▶ Task description
For this exercise, reproduce only the lines from the one holding "Adynice Véritable col" through the final line of the data below, exactly, and omit pictures.

▶ Information shown

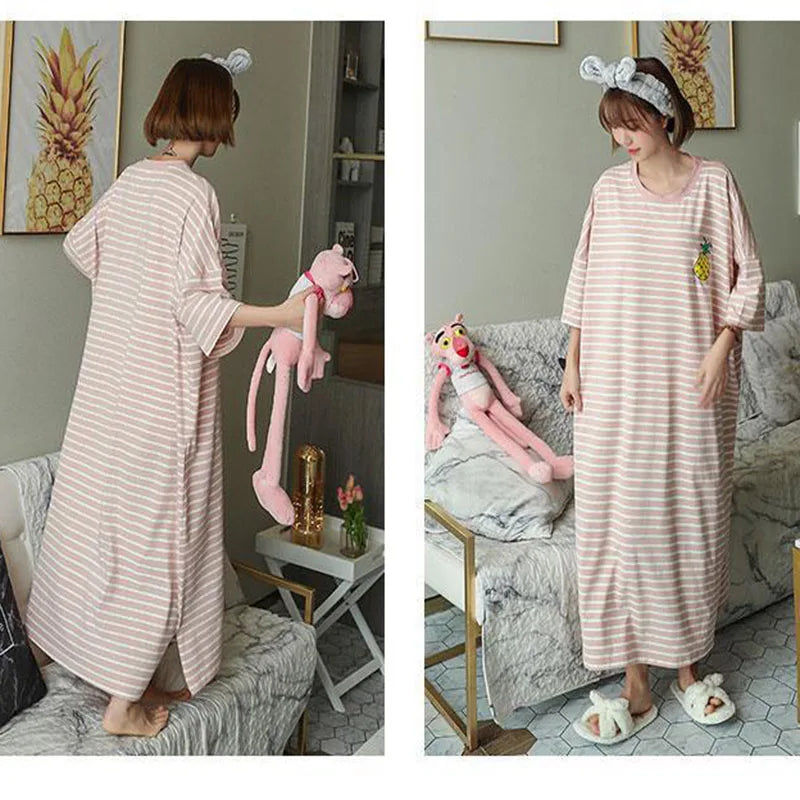 Plus Size Striped Pajama Dress – Short-Sleeved Cartoon Sleepwear for Women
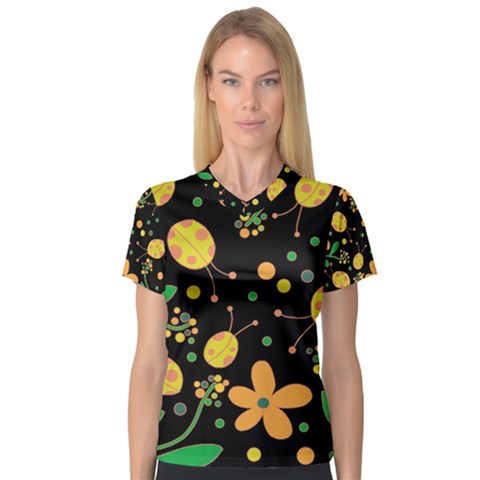 Ladybugs And Flowers 3 Women s V-neck Sport Mesh Tee by Valentinaart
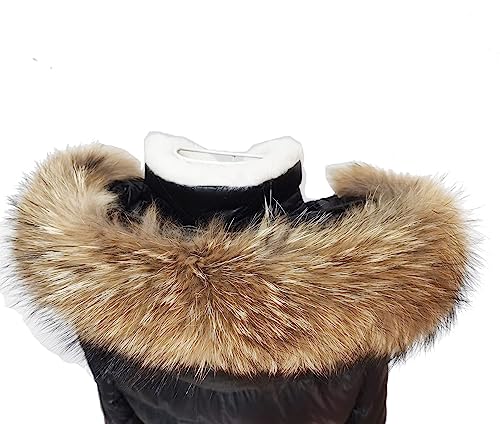 Adynice Véritable col de fourrure femmes cache-cou écharpe ferme surélevée fourrure de raton laveur colliers cou Wraps capuche unisexe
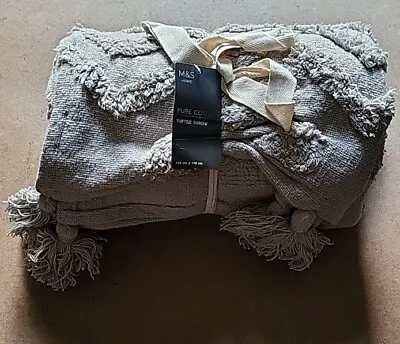 New M&S Light Grey Pure Cotton Patterned Tufted Tassel Throw Size 130 X 170 Cm • £29.99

▶ Solution to the problem
 Adynice Véritable col de fourrure femmes cache-cou écharpe ferme surélevée fourrure de raton laveur colliers cou Wraps capuche unisexe
 New M&S Light Grey Pure Cotton Patterned Tufted Tassel Throw Size 130 X 170 Cm • £29.99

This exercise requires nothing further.